[Scraped caption text data]
=== Begin Enclosure ===
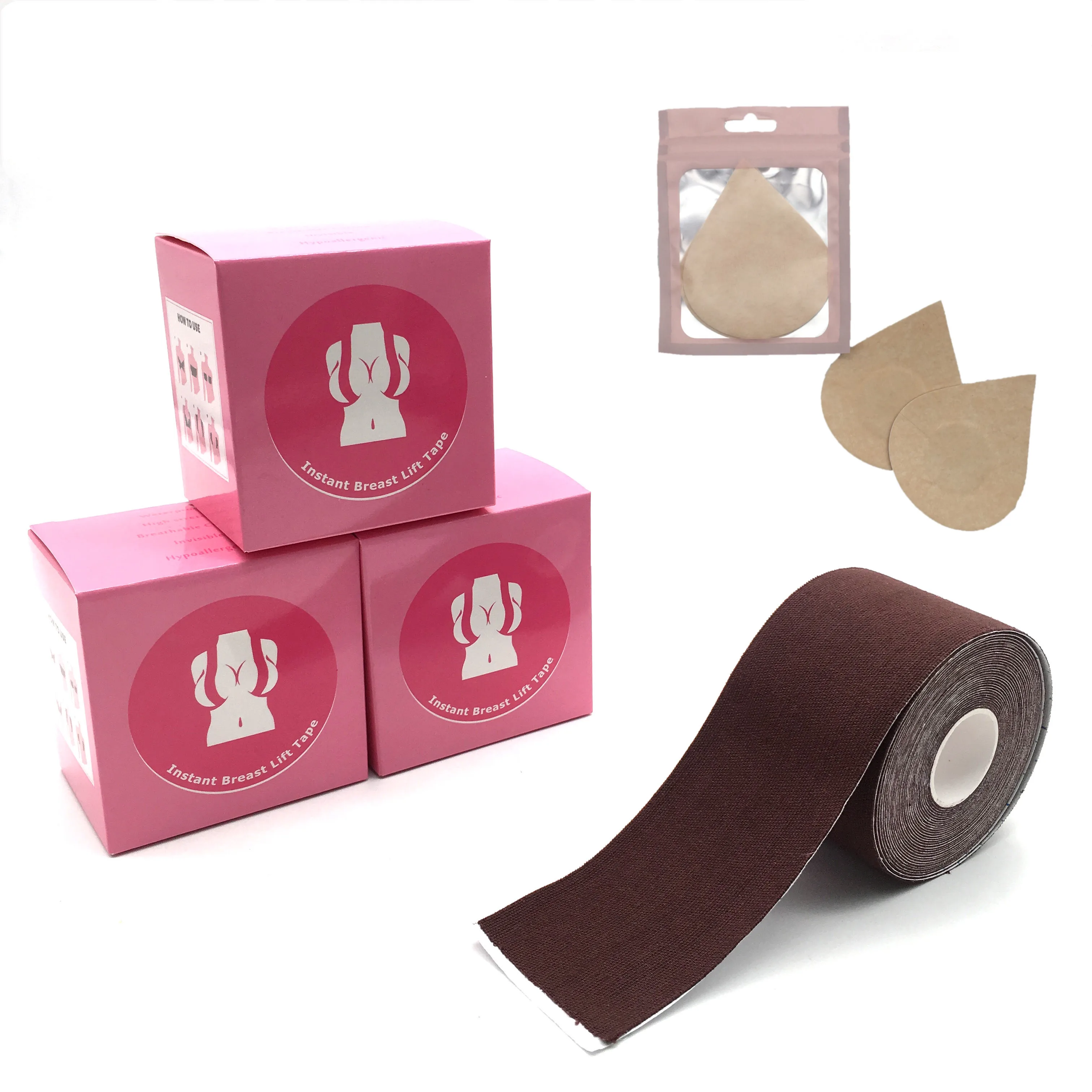 Latex Free Painless Tan Friendly Waterproof Boob Tape Invisible Instant Uplift  Breast Tape With Custom Pasties As A Set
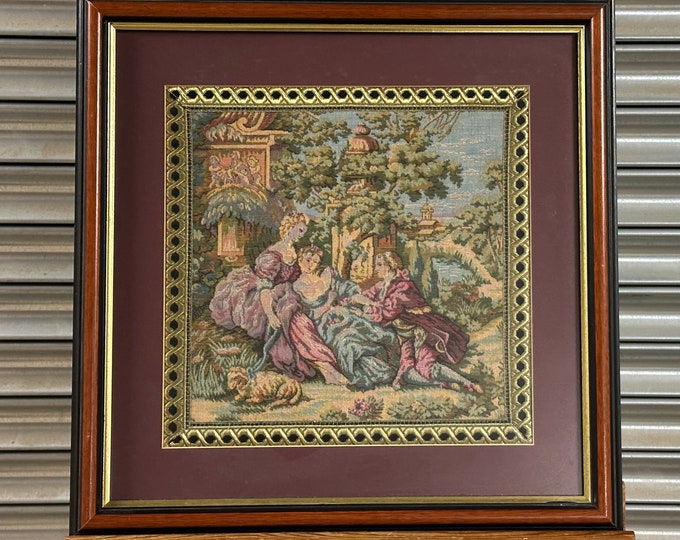 Antique France Gobelin Tapestry Versailles Victorian Garden Scene.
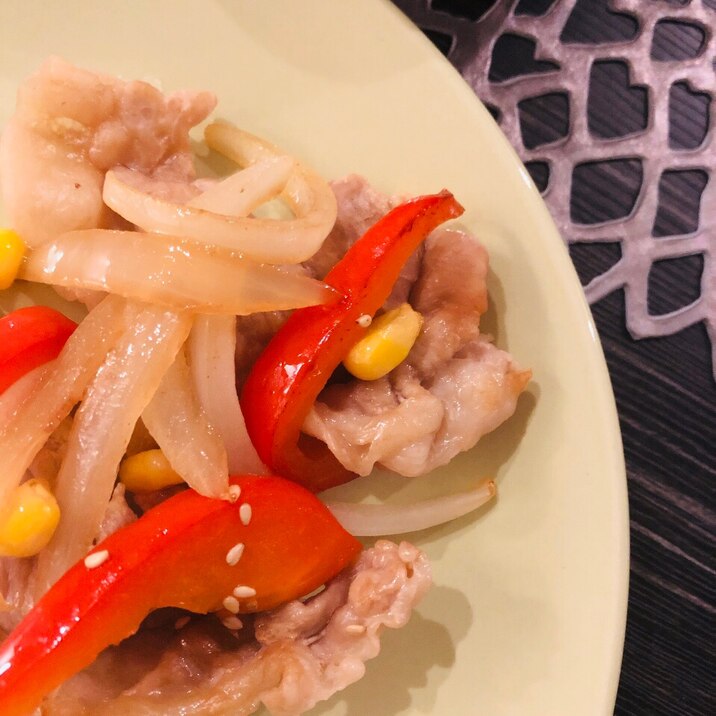 子供が大好き 豚肉とパプリカとコーンの甘辛炒め レシピ 作り方 By Ma Ma Yu Mi 楽天レシピ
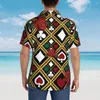 Camicie casual da uomo Camicia hawaiana da spiaggia Divertenti camicette da poker Top comodo da uomo a maniche corte con stampa floreale e sentita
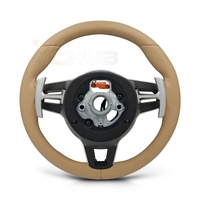 Volant en cuir beige abricot sans bouton pour Porsche 92A Cayenne 95B Macan 911 991.2 Carrera 982 718 Boxster Cayman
=== End Enclosure ===
All of the entries above are to be written out exactly, with no pictures.

> _Answer area_:
 Latex Free Painless Tan Friendly Waterproof Boob Tape Invisible Instant Uplift  Breast Tape With Custom Pasties As A Set
 Antique France Gobelin Tapestry Versailles Victorian Garden Scene.
 子供が大好き 豚肉とパプリカとコーンの甘辛炒め レシピ 作り方 By Ma Ma Yu Mi 楽天レシピ
 Camicie casual da uomo Camicia hawaiana da spiaggia Divertenti camicette da poker Top comodo da uomo a maniche corte con stampa floreale e sentita
 Volant en cuir beige abricot sans bouton pour Porsche 92A Cayenne 95B Macan 911 991.2 Carrera 982 718 Boxster Cayman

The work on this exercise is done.